Textbook buying is harder than it should be

The Baylor Bookstore, the center of all things Baylor, remains the boon and the bane of most of the students that attend this school.

Not only can we get our textbooks and various school supplies there, we can get the latest young-adult fiction (Baylor appropriate, of course) for moderately unfair prices. We can get everything from day planners to the latest Apple products and accessories.

Though it is a place that is indispensable to campus, like any other college, it has proved to be more trouble than it’s worth for a lot of students. Complaints abound about this hub of campus activity. One Austin senior, David Umstattd, said, “Walking into the bookstore is like walking into an airport.

And he’s right.

Upon entering the main campus bookstore, students must relinquish their bags, and whatever valuables they may contain, and leave them in the hands of unknown attendants who are obviously overwhelmed by the mayhem that is fulfilling the orders of thousands of students. We saw the downhill slope this system caused when a student’s belongings were stolen from the cubbies in the lobby last spring. Though security was improved after that incident, students are still uncomfortable or unsure of what to do with their belongings.
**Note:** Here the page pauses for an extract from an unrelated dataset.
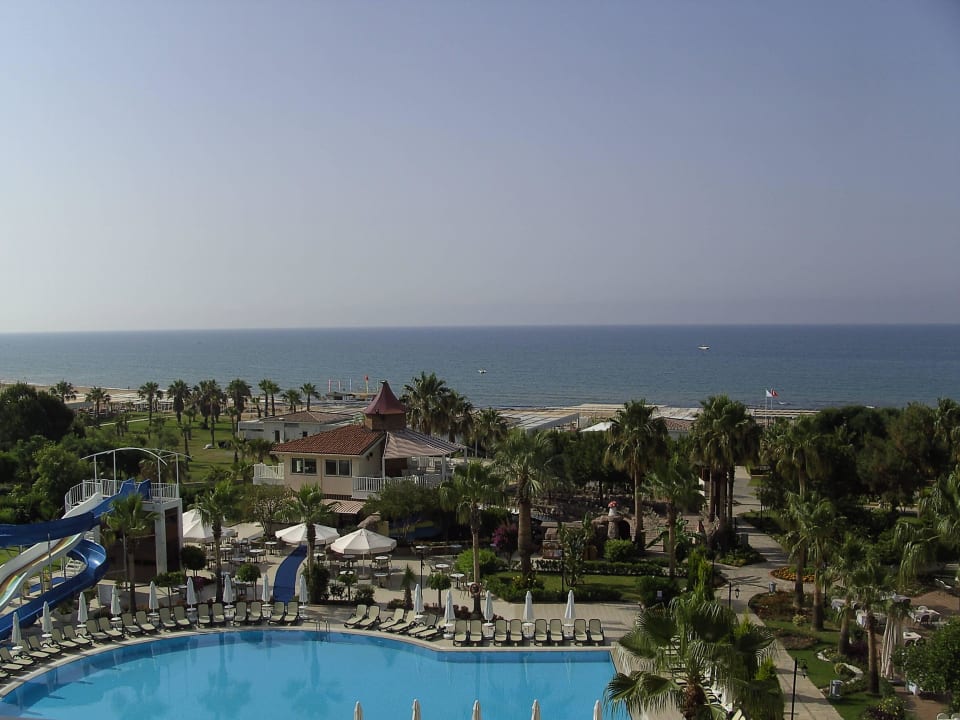 Pool Bella Resort & Spa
Let’s start with textbooks themselves.

They’re expensive and heavy. They are rendered worthless by the time the semester is over because a new edition will most likely be used, yielding little to no returns from the $300 book/CD set that has now become obsolete. This leaves students with a grudging 15 percent refund on the books that are refundable and a growing pile of doorstops and dust collectors out of the rest.

But to the main point: not only does the textbook industry smack of highway robbery, it’s a system that doesn’t benefit the students most of the time.
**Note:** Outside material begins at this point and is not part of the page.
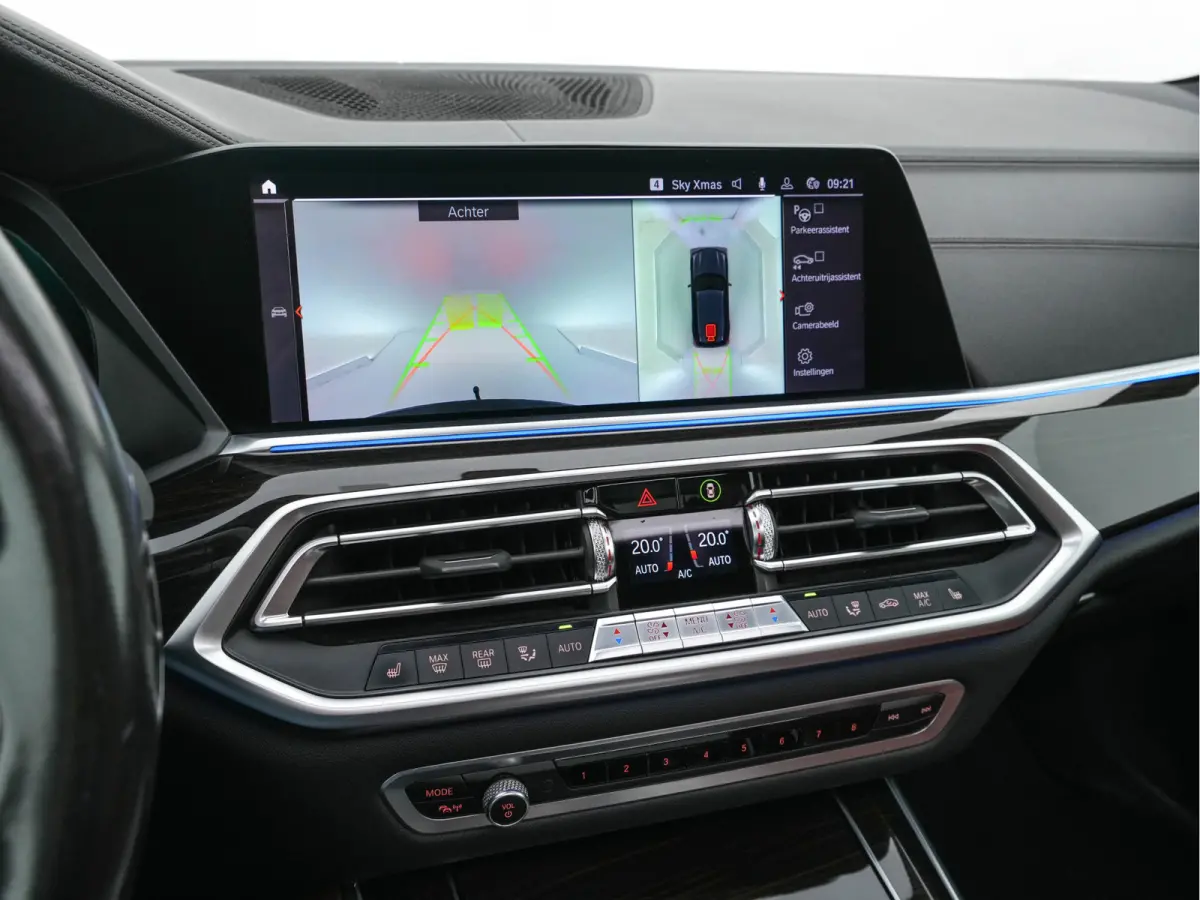 M50d High Executive M-Sportpack Aut. *PANO | HEAD-UP | DESIGN-LEATHER | LASER-LIGHT | TOP-VIEW | HARMAN/KARDON | MEMORY-PACK | DIGI-COCKPIT | DAB+ | HEATED-COMFORTSEATS | NAVI-FULLMAP | KEYL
Even now, there are several students who still haven’t received textbooks they’ve ordered before the semester started, particularly the textbooks that are the hardest to find elsewhere online.
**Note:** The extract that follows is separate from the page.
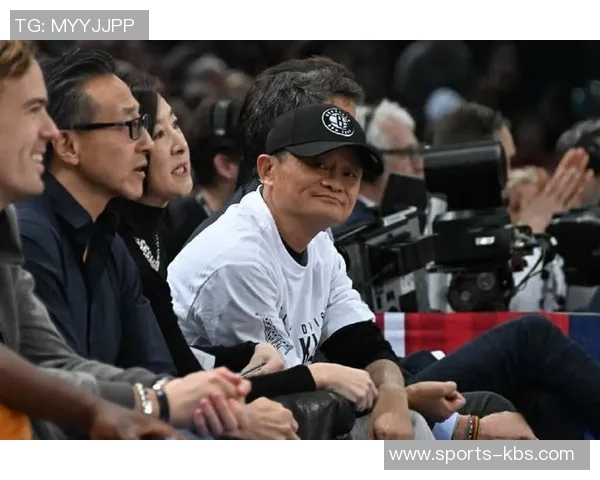 蔡崇信分享与成龙互动照片篮网季前赛将在澳门举行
In one geology lab class, half the students have still not received their lab books halfway through the semester. They have had to make do with copying the weekly lessons from those that have received their lab books so they can be prepared for the weekly quizzes.

The lab books, in particular, that various departments in the science fields produce are impossible to buy or find outside of ordering them directly from the bookstore. Students must have these to pass their lab classes.

OK, fine, we’ll simply order it early over the summer like responsible adults. However, what is a student to do when the essential workbooks are on back-order — for three months?

It helps only a little that there are two other bookstores close to campus.

They are convenient during the beginning and the end of the semester, when everyone and their mother (literally) decide to bombard the main bookstore on Fifth Street.

It is not uncommon for students to fall through the cracks in this understandably overburdened system. As a student, there is nothing worse than pouring money into something that yields no return.

When lab books, in particular, go on back-order for any length of time, students’ chances of excelling in that class are decreased. Our quality of education suffers.

Maybe the bookstore isn’t to blame. It’s probably just the middle man in a maelstrom of money changing hands. But we students have to start somewhere.

We have to start where we see the problem happening. And right now that’s the timing and number of orders the bookstore makes to the publisher.

Baylor needs to take a closer look at how to make the already tedious task of ordering books from the professors and buying books from the students as seamless and painless as possible.

It will take initiative on all sides: The professors need to have their orders in early so that the bookstore can prepare appropriately so the students can get their books with no hassle.

This is most likely easier said than done, of course. But nothings harder than watching your money go down the drain, especially when you’re already giving $51,000 a year to the university.